Jidor Sentulan Sebagai Kesenian dan Media Dakwah

Ikom.fisipol.unesa.ac.id - Jidor Sentulan menjadi salah satu kesenian di Jombang yang terjaga kelestariannya. Berasal dari Desa Bongkot, Dusun Sentulan. Sampai saat ini, jidor Sentulan masih banyak digemari oleh kalangan muda, anak-anak hingga kalangan yang lebih tua. Jidor diturunkan secara turun-temurun oleh leluhur yang kemudian terus dilestarikan hingga sekarang.

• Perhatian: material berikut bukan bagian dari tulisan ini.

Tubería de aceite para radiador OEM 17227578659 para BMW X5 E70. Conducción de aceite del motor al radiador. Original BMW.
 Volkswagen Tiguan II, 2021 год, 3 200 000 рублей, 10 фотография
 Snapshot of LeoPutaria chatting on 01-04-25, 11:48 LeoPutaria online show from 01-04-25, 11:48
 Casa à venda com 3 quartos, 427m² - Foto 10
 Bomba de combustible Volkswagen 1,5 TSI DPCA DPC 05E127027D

Saat ini, jidor biasa dihadirkan dalam acara khitan, pernikahan, ulang tahun serta acara-acara lainnya. Kesenian ini memadukan antara musik dan tarian yang diiringi dengan sandiwara yang mengandung nilai-nilai spiritual penuh arti, dari kebersamaan hingga harmonisasi. Sepanjang pertunjukan, juga diiringi dengan nada sholawat yang dilengkapi dengan musik.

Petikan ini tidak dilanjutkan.